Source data
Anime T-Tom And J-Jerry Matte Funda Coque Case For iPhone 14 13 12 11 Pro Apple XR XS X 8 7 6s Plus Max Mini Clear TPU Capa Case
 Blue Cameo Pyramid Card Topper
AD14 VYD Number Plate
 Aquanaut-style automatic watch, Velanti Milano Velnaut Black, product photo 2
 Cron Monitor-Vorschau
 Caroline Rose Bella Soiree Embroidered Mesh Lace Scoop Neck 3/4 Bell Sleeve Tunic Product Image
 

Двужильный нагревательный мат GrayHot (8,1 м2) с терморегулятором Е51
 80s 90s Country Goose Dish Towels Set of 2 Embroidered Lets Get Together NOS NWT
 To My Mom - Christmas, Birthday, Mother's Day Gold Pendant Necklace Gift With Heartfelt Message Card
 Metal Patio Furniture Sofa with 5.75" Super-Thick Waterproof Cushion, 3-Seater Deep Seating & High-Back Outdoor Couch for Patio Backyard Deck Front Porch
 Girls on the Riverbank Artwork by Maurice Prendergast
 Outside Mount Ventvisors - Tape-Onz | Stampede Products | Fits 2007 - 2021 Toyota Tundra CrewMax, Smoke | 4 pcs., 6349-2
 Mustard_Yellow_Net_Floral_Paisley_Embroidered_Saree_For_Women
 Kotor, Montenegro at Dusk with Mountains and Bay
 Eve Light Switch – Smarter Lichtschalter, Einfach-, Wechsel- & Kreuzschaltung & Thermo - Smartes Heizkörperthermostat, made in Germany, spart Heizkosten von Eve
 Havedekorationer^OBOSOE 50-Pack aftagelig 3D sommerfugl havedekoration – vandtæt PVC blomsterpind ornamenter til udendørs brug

**Goal of the exercise**
Whenever a line above contains "Card", copy that line.

**Your response**
 Blue Cameo Pyramid Card Topper
 To My Mom - Christmas, Birthday, Mother's Day Gold Pendant Necklace Gift With Heartfelt Message Card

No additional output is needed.